Ischemia and reperfusion injury of the spinal cord: experimental strategies to examine postischemic paraplegia

Florian Simon 1,*, Alexander Oberhuber 1
PMCID: PMC4829001  PMID: 27127475

Thoracoabdominal aortic replacement, necessary in case of injuries, aneurysms and dissections, shows a high complication rate as a consequence of the perioperative ischemia / reperfusion-sequence (I/R). Clamping above and below the lesion leads to the spinal cord suffering from ischemia. Clamping times of less than 30 minutes show only a small risk of neurological deficit, while longer periods increase paraplegia rates disproportionately. The subsequent reperfusion as a second hit causes additional damage to the spinal cord. Up to 30 % of all patients who require being treated in the thoracoabdominal part of the aorta suffer from paraplegia within the first 24 postoperative hours (Kahn et al., 2012).
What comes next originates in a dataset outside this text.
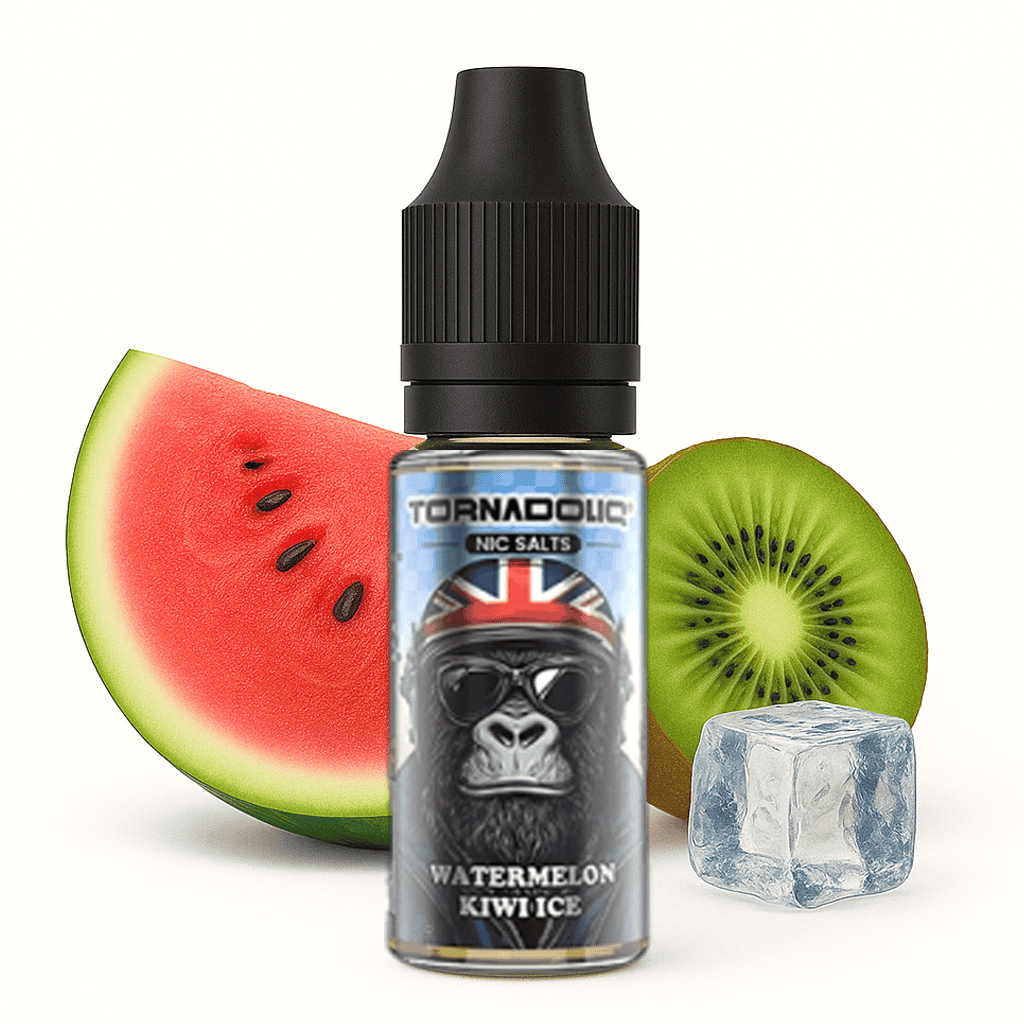 Tornadoliq, Watermelon Kiwi Ice Nic Salt, 10ml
While paraplegia following ischemia can be explained by the consequent death of motor neurons, reperfusion period is still poorly studied and understood. High metabolic activity and a need for substrate of the motor neurons aggravate I/R damage to the spinal cord (Sakurai et al., 1998). One of the triggers is free radicals that consume the available buffer enzymes (Gelman, 1995). Due to the loss of cellular energy (ATP), mediated by inhibition of mitochondrial phosphorylation, membrane pumps are inhibited. This in turn leads to a disequilibrium of the Na+ / K+ balance within the cell. What follows is an intracellular hyperkalemia with cellular edema and intracellular acidosis. Via other cellular mechanisms, this results in programmed cell death, namely apoptosis (Abe et al., 1995). Currently, there is no prophylaxis to avoid this damage in clinical practice of thoracic or abdominal aortic reconstruction. Although there are different approaches to this, no method has been implemented yet (Zvara, 2002). Hence, there is a need for better experimental approaches that can support the clinical treatment, in order to reduce the complication rate for thoracoabdominal aortic replacement.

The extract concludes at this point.